A crescente procura de alimentos e o facto de existirem cada vez mais pessoas a comerem melhor e a terem uma alimentação de qualidade, fazem com que se desenvolva uma insuficiência destes mesmos. O facto das últimas colheitas de cereais terem sido desastrosas agrava este problema, que só poderá ser vencido com um crescimento elevado de produção e um investimento maior em alargar os solos aráveis nos Países em Desenvolvimento, investindo-se assim numa melhor técnica e melhores apoios.

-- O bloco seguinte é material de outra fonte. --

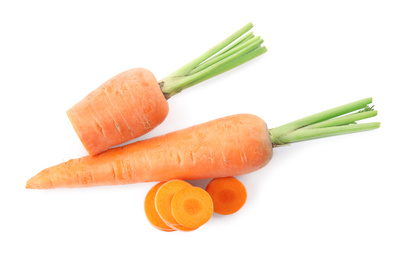 Whole and cut ripe carrots isolated on white, top view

Pelo simples facto de as matérias-primas, assim ficarem mais caras, os agricultores temem em investir na sua área. Deste modo, a ONU tenta disponibilizar cerca de 1600milhões de euros para o apoio aos Países mais afectados por esta crise, cria um gabinete especial, e pede aos países exportadores (como o Brasil) para não restringirem as suas exportações, de modo a facilitar o comércio livre. Em todo o mundo fazem-se, igualmete esforços para se fornecerem 3600milhões de euros para sementes nos países em desenvolvimento.
É importante lembrar que Portugal não é claramente auto-suficiente, importa 90% dos alimentos que consome. A sua maior dependência reside nos cereais, tornando-se unicamente auto-suficiente no vinho e no leite, que ainda consegue exportar de forma a não formar dependência.
A um nivel geral, o preço do trigo subiu cerca de 130%, do arroz 75%, e do milho 35%. Este facto deve de claramente preocupar toda a população mundial, já que por uma regressão no sistema alimentar, provoca um maior índice de fome, que poderá ainda levar a uma revolta social a uma escala catastrófica.